- Excerpted data
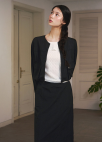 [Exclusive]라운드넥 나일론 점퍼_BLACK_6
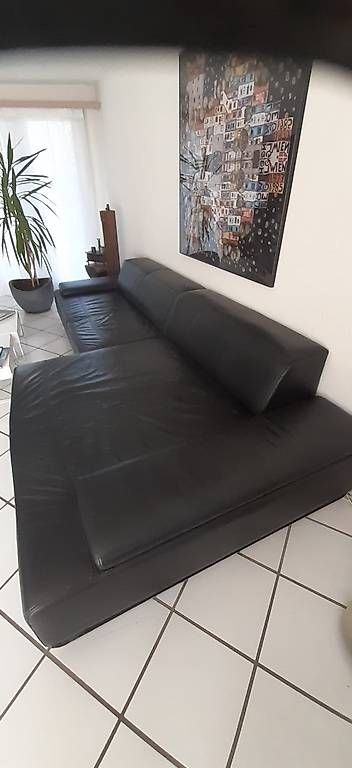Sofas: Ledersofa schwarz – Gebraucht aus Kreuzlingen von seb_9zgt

--

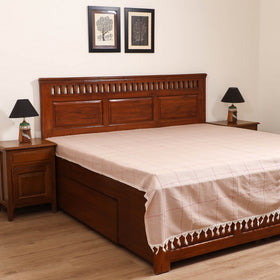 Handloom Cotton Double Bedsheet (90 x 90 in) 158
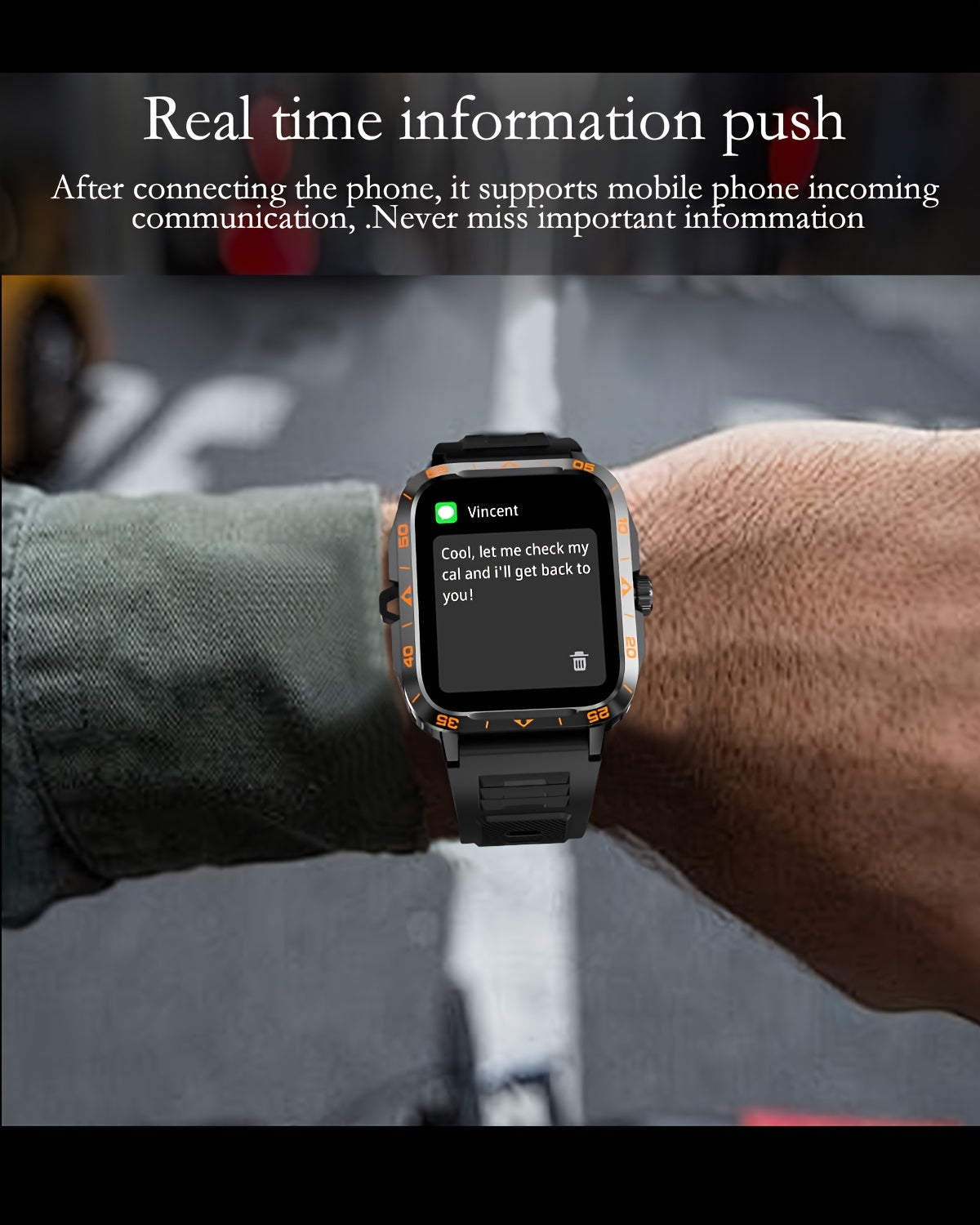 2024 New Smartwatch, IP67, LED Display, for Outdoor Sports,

==

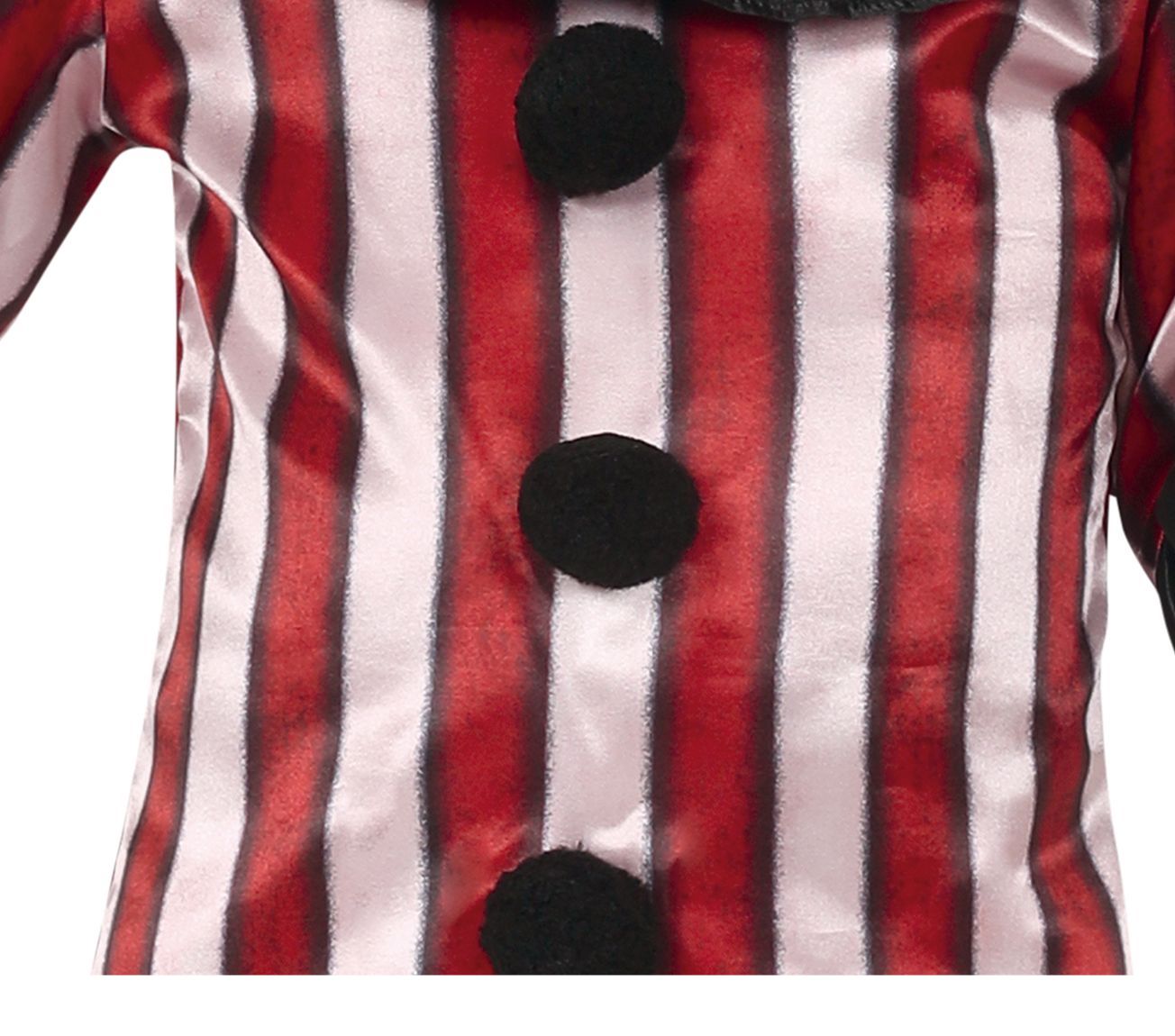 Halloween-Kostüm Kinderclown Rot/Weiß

- Task item
Transcribe, exactly and without pictures, everything in the data from the line with "[Exclusive]라운드넥 나일론 점퍼_BLACK_6" down to the line with "Sofas: Ledersofa schwarz", both included.

- Final answer
 [Exclusive]라운드넥 나일론 점퍼_BLACK_6
Sofas: Ledersofa schwarz – Gebraucht aus Kreuzlingen von seb_9zgt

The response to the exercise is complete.